Why make Herbie faster?

You might also ask, why expend all this effort to make Herbie faster? While Herbie does have real-world users (at places like Intel, NVIDIA, Sandia, and NASA) it isn't necessarily a particularly widely-used tool, and performance isn't one of their top concerns. That's true, and in fact Herbie today, approaching the 2.1 release, is more or less as fast as Herbie 2.0 and 1.6 were, so there's been almost no net change in performance over the last two years, and perhaps longer. But that's because performance buys us something: the ability to run new, more expensive algorithms that ultimately produce better results. For example, the core team brough about a 30% speedup to Herbie between 2.0 and 2.1, but the Platforms team brough about a 25% slowdown, almost exactly canceling out those gains. But that slowdown had a purpose: it made Herbie produce much better code at the less-accurate end of the spectrum, improving 2.0's headline feature (cost-accuracy trade-offs) and answering specific user concerns about using Herbie for accuracy-aware optimization.

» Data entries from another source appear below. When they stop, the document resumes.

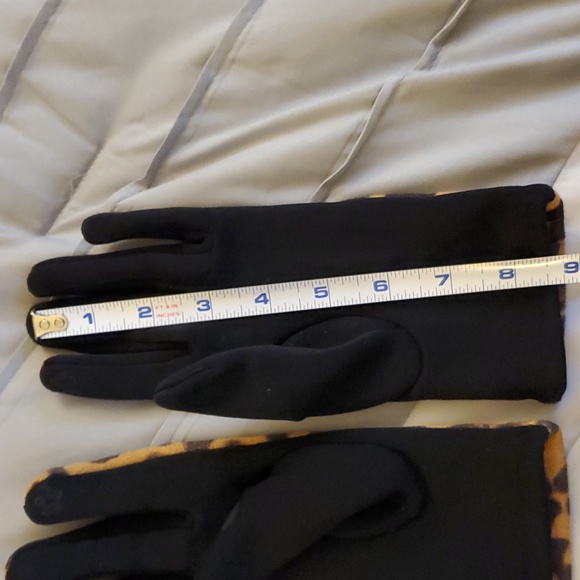 Cheetah Print & Black Gloves - Picture 6 of 10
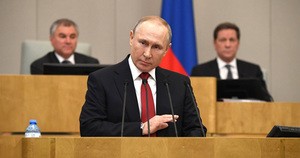 議会で演説するプーチン大統領（Photo by The Presidential Press and Information Office/Wikimedia Commons）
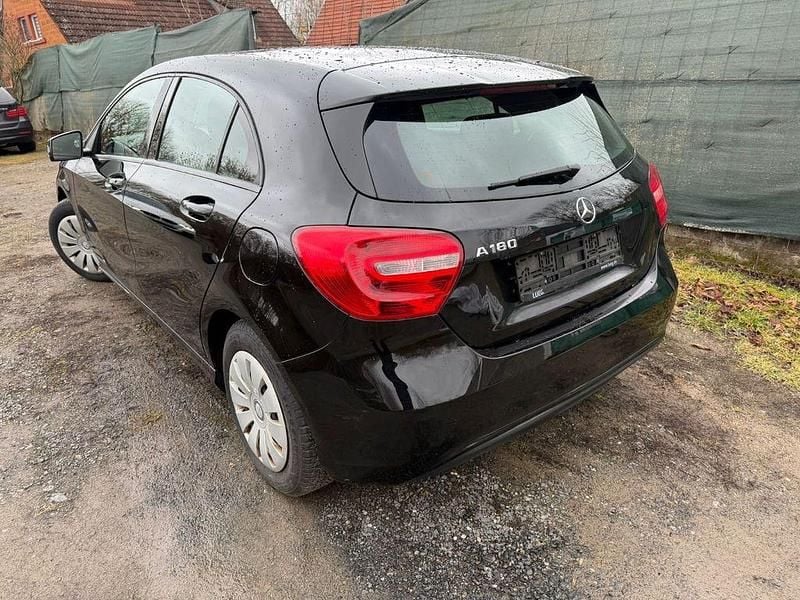 Gebraucht Mercedes A180 Edition 122 PS (89 kW) 2014 Schwarz Limousine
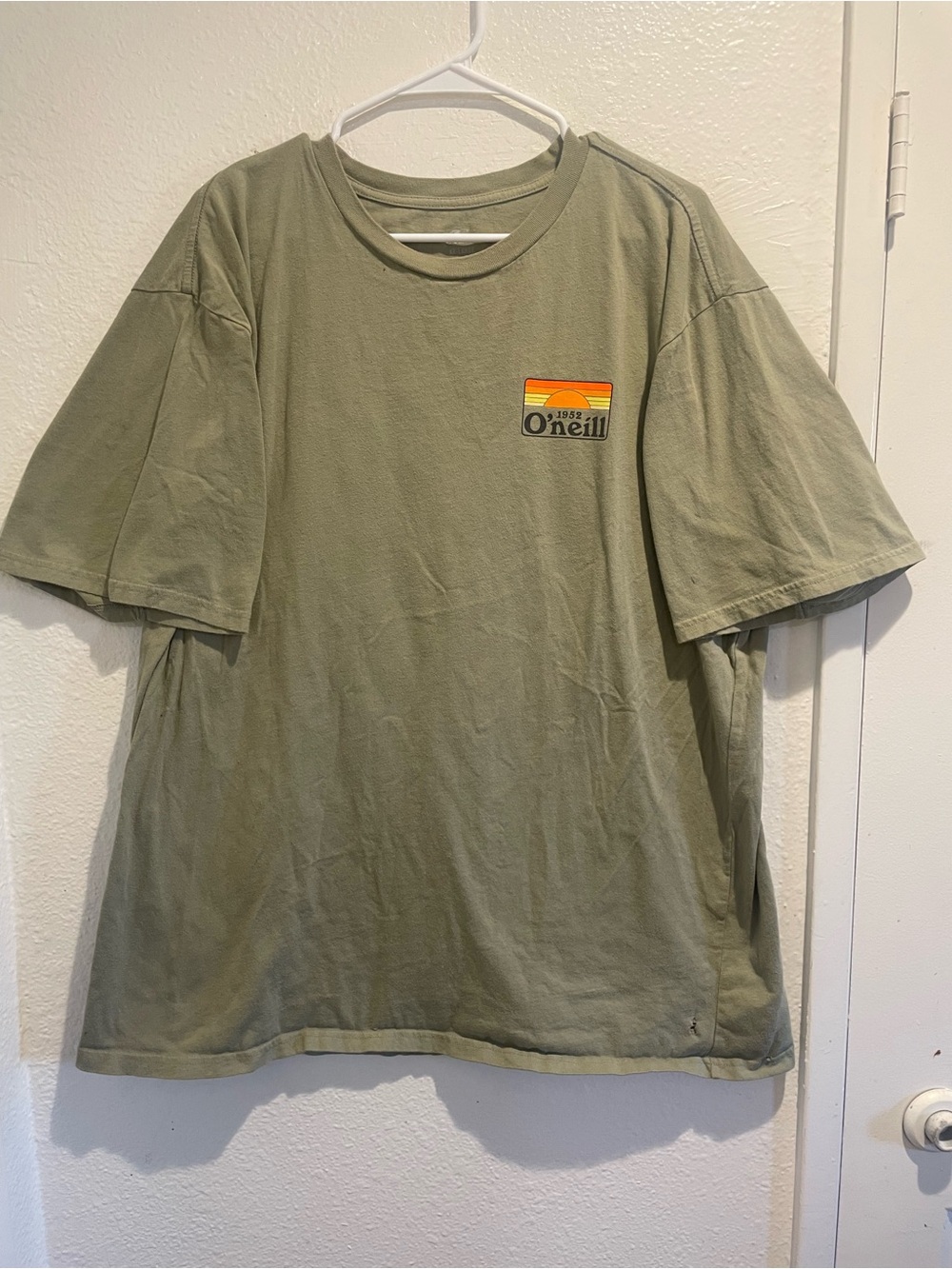 🌅 O'Neill "Sundown" Retro Sunset Graphic Tee Olive XXL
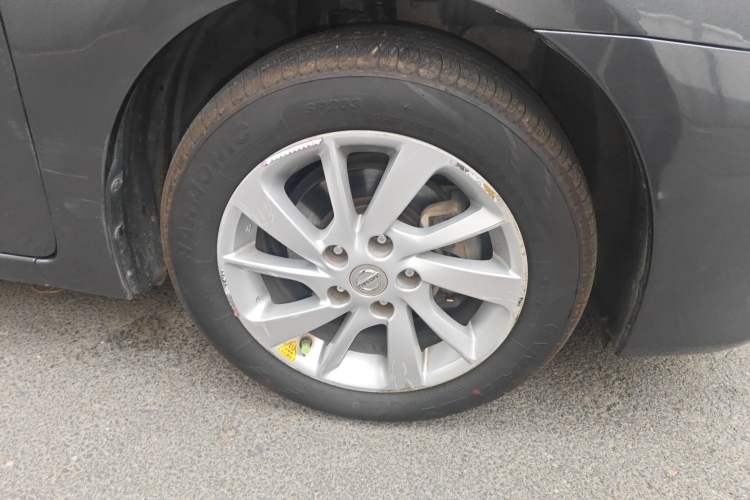 Used Nissan Sylphy 2012 1.6 XL CVT Luxury Edition Right Front Wheel Hub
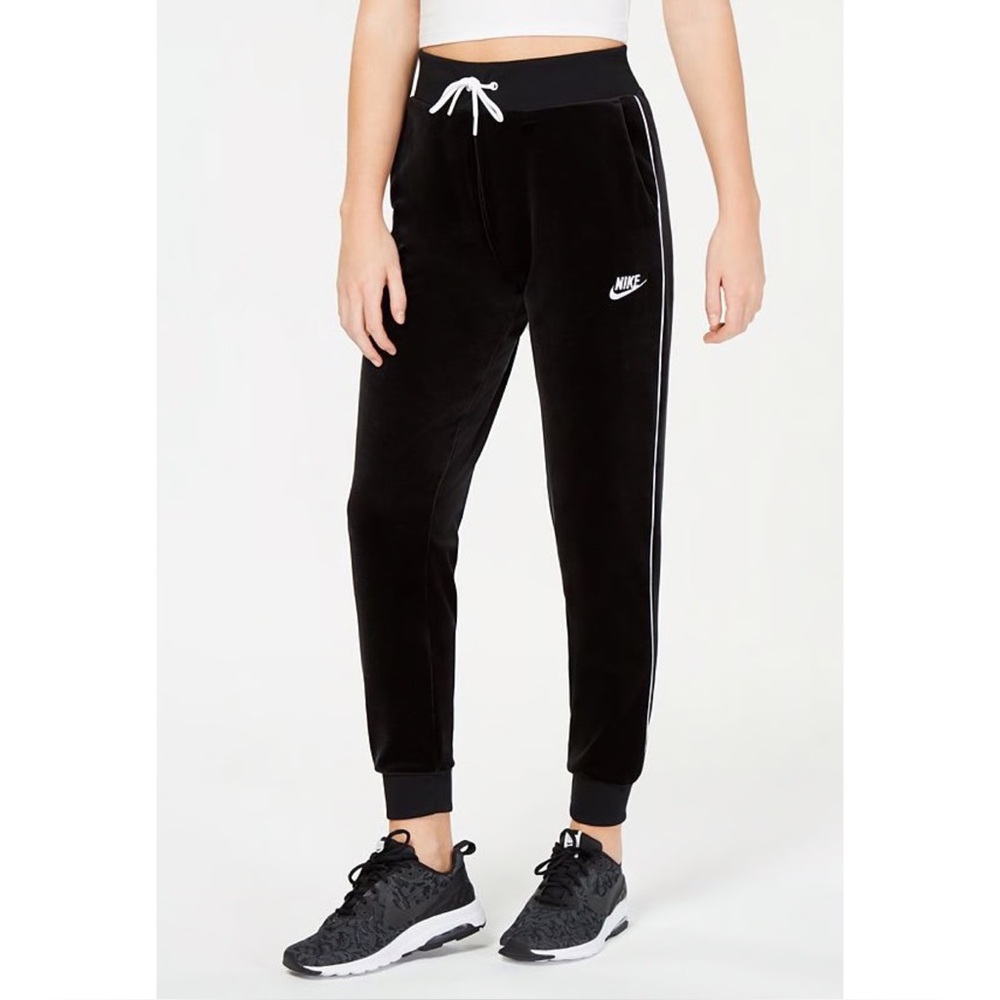 Nike WOMEN'S NIKE HERITAGE SPORTSWEAR VELOUR JOGGERS TRACK PANTS SIZE XS BLACK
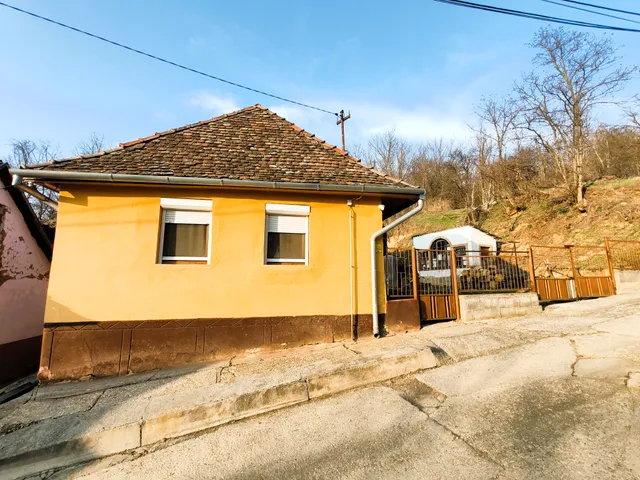 Eladó ház Cikó 60 nm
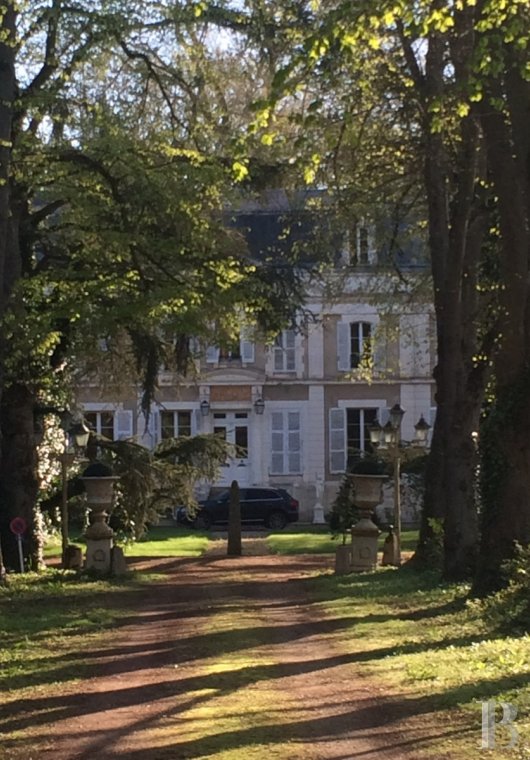 Au sud d’Auxerre, au bord de l’Yonne, un domaine du 18e s.  ouvert à toutes les villégiatures - photo  n°39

Similarly, two years ago I spent a while optimizing Herbie and the ultimate result of that effort was that we turned on cost-accuracy trade-offs by default. It might seem that we should turn the features on anyway—wouldn't users by OK with a 30% slowdown for the new features—but it usually doesn't work that way. For example, cost-accuracy trade-offs were hundreds of times slower than the default mode before being optimized, and that's clearly unacceptable. Something similar happens in lots of other optimizations. For example, I just fixed some accidentally-quadratic code in pruning that had been there for four years. That made pruning roughly twice as fast. But the only reason I looked into pruning is that recent changes had taken pruning from about 3% of runtime up to 10% or so! New algorithms elsewhere in Herbie increased the load on pruning, suddenly making it a bottleneck. Optimization work can resolve those bottlenecks, keeping Herbie runtime reasonable.

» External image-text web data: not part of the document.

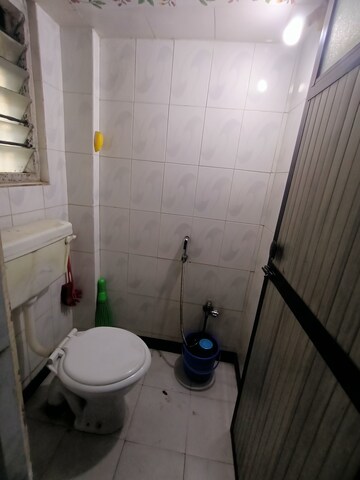 Bathroom in 1 BHK Apartment at Dombivli West – for Rent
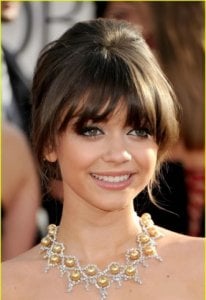 sarah-hyland-golden-globes-2011-pearl-necklace.jpg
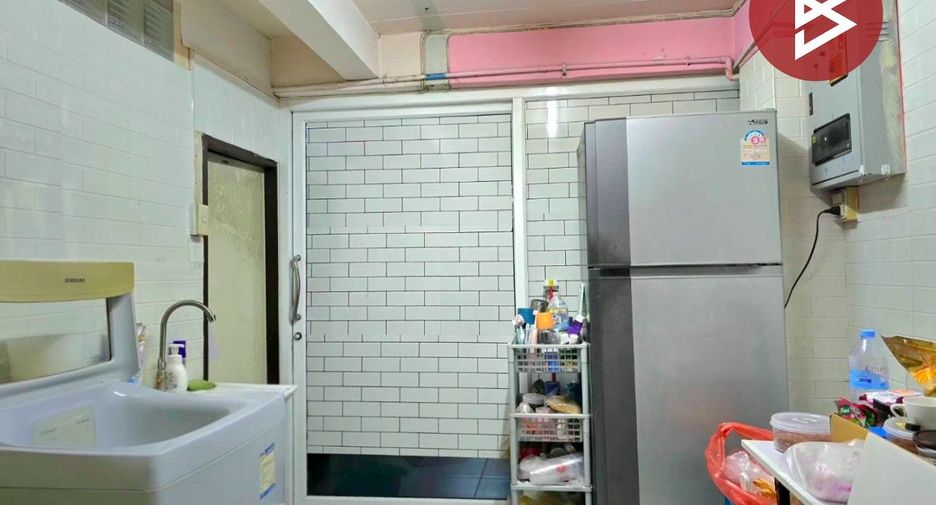 For sale 4 bedrooms retail Space in Bang Phlat, Bangkok
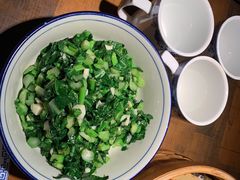 -洞庭土菜小炒馆(易发广场店)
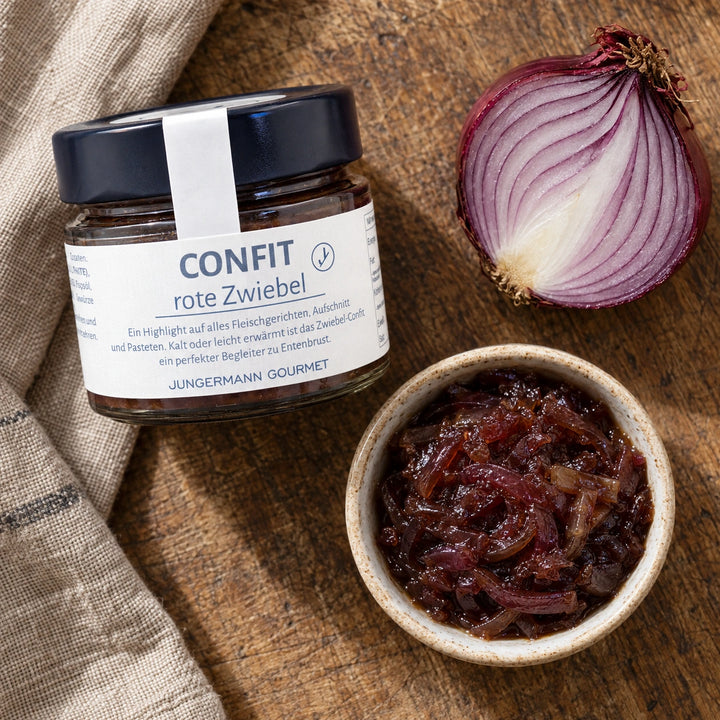 Originalglas Zwiebel-Chutney mit einer roten Zwiebel und eingekochtem Zwiebel-Confit in einer kleinen Schale.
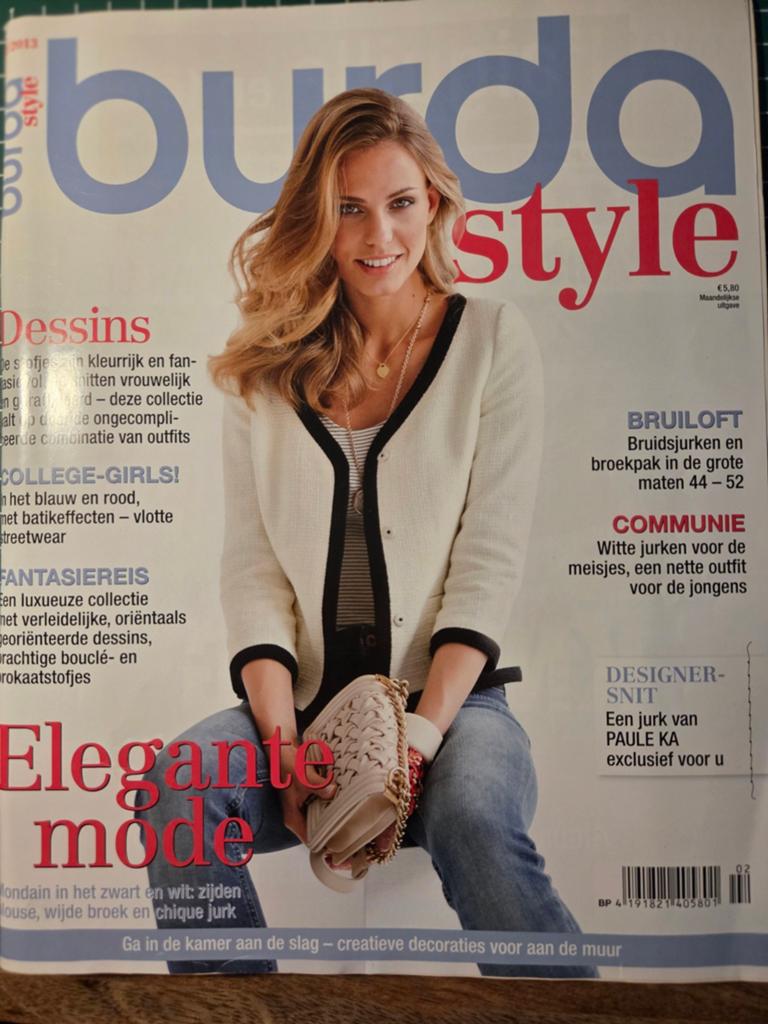 Burda Style 2/2013 - Compleet en Ongebruikt, Hobby en Vrije tijd, Kledingpatronen, Overige typen, Vrouw, Nieuw, Burda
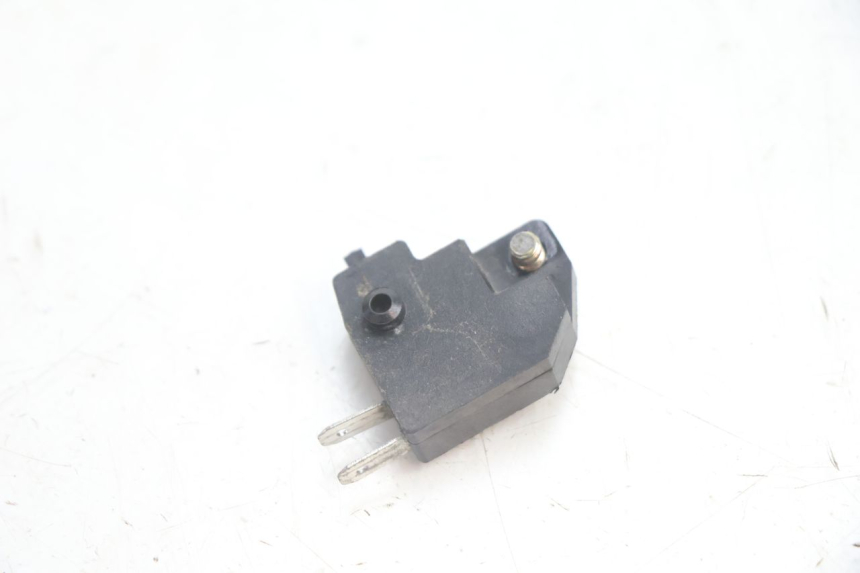 photo de RIGHT STOP LIGHT SWITCH LAZIO RENO 50 (2016 - 2021) - Zoom on usage condition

All that said, at the moment I don't see super attractive opportunities for optimization. Artem has boiled Rival runtime down significantly, and besides tinkering with overhead we're probably near-done there. Brett is working on egg-related components so, as Artem always says, let him cook. And the other components are not big bottlenecks. So I think core Herbie will has to turn to longer-term goals: refactors, better datastructures, and better support for new running modes like incrementalism and the server.